** THE INPUT follows **

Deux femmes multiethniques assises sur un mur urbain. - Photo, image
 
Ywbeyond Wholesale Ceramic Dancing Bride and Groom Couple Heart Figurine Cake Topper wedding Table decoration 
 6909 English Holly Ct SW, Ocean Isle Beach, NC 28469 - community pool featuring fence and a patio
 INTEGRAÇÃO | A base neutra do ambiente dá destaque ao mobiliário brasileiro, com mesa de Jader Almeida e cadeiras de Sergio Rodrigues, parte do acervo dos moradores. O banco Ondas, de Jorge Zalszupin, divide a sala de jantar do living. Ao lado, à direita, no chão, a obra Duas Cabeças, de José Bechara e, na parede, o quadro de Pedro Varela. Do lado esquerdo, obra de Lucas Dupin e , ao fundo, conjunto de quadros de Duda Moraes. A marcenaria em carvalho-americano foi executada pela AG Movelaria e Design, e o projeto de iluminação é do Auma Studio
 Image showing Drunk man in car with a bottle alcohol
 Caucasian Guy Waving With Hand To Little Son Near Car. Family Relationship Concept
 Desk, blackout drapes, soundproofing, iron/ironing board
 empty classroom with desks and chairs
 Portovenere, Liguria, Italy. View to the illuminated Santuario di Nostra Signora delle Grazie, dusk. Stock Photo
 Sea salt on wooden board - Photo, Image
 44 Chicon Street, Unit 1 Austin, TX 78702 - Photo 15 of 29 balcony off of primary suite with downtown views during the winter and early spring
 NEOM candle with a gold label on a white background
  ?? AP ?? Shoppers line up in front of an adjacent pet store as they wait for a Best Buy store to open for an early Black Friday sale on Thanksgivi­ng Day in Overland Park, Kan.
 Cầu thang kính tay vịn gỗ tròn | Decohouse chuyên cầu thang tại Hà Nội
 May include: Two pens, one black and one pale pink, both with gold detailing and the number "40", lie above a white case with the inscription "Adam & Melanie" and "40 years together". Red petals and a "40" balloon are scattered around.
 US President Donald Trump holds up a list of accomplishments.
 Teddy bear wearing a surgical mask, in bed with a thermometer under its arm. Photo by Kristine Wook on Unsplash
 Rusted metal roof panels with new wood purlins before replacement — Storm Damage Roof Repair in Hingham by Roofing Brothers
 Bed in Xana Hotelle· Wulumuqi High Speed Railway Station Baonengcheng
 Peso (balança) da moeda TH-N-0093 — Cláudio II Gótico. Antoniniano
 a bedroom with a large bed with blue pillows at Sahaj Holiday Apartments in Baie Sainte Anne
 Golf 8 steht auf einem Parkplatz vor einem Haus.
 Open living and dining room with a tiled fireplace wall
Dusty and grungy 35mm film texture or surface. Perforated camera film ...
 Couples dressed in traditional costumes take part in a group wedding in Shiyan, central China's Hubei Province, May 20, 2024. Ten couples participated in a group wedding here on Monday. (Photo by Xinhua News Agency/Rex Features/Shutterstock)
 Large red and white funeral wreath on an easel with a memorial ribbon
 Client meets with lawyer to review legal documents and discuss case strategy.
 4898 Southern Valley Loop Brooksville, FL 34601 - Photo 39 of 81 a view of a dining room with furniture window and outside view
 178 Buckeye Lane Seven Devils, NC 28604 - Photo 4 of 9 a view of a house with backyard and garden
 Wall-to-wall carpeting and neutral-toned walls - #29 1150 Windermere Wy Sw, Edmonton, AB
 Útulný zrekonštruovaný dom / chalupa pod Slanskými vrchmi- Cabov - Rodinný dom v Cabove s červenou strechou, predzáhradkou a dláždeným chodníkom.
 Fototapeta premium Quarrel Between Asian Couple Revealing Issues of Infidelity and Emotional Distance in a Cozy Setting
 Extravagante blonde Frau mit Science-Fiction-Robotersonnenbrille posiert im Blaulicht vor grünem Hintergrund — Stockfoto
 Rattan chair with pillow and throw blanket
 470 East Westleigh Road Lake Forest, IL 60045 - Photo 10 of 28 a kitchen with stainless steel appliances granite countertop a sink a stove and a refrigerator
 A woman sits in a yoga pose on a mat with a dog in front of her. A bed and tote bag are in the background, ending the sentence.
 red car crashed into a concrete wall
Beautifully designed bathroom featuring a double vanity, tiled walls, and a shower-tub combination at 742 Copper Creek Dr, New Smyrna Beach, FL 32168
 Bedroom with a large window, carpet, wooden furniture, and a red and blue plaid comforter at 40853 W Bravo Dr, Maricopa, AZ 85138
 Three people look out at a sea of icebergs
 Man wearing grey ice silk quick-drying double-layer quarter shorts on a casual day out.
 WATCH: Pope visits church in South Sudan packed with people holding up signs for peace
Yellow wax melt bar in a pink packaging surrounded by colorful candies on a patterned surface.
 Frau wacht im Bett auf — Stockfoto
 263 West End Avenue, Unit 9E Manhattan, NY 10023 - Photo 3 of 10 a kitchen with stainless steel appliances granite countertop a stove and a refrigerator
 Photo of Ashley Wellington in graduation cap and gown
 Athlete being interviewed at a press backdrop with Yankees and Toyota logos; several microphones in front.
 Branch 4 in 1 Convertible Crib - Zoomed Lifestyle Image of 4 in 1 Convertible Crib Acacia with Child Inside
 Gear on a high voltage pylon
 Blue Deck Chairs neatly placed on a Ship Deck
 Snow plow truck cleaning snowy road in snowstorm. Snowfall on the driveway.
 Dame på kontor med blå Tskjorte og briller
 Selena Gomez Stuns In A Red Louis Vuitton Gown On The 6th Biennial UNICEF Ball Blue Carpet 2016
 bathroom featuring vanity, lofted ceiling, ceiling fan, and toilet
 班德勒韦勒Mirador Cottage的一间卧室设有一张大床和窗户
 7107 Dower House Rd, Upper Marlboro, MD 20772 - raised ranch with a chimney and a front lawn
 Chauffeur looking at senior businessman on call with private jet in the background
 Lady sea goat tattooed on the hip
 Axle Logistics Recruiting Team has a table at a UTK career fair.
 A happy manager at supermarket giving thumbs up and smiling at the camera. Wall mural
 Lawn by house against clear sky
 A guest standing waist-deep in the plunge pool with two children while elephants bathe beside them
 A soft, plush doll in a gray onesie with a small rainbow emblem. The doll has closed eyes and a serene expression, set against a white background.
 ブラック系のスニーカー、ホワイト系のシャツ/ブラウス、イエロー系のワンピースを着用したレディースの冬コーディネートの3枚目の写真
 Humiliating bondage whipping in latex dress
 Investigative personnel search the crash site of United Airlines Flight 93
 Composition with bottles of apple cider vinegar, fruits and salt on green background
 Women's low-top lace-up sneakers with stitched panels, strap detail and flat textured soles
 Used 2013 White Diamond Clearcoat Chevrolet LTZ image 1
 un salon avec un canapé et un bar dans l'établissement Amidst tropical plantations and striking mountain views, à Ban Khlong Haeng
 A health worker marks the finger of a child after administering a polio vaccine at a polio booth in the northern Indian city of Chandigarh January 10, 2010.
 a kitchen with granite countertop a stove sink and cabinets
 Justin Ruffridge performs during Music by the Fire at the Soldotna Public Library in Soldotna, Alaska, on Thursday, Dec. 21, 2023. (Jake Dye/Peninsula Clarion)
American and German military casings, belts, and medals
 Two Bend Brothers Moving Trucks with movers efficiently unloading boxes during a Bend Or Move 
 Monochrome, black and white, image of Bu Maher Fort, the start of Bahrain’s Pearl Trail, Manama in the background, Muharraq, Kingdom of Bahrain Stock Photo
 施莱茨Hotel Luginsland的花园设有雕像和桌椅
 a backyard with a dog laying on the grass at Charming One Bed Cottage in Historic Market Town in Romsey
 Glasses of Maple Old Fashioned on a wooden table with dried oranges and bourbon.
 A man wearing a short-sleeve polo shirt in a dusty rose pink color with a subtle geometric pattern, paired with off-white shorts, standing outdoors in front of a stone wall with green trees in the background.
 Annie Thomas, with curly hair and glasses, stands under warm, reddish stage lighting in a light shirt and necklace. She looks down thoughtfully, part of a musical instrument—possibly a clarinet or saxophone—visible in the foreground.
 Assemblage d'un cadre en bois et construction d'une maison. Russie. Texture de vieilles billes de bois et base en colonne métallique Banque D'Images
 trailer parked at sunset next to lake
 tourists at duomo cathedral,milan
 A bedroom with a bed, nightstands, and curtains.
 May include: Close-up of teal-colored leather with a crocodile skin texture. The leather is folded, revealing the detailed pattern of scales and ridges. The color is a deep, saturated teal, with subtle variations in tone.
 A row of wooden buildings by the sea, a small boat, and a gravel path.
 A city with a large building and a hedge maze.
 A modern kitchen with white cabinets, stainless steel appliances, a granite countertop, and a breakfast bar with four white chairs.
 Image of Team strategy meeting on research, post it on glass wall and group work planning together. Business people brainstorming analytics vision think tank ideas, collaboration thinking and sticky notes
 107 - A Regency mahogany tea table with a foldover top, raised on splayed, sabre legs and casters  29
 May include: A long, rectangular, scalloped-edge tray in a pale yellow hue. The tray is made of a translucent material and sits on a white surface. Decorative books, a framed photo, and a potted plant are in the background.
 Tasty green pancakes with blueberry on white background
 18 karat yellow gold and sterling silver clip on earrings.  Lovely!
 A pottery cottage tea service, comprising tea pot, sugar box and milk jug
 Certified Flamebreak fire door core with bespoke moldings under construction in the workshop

** End of THE INPUT **

Would you print, exactly as written, every line above from the one holding "NEOM candle with" through the one holding "Cầu thang kính", with both included and no other lines?

> _SOLUTION_:
 NEOM candle with a gold label on a white background
  ?? AP ?? Shoppers line up in front of an adjacent pet store as they wait for a Best Buy store to open for an early Black Friday sale on Thanksgivi­ng Day in Overland Park, Kan.
 Cầu thang kính tay vịn gỗ tròn | Decohouse chuyên cầu thang tại Hà Nội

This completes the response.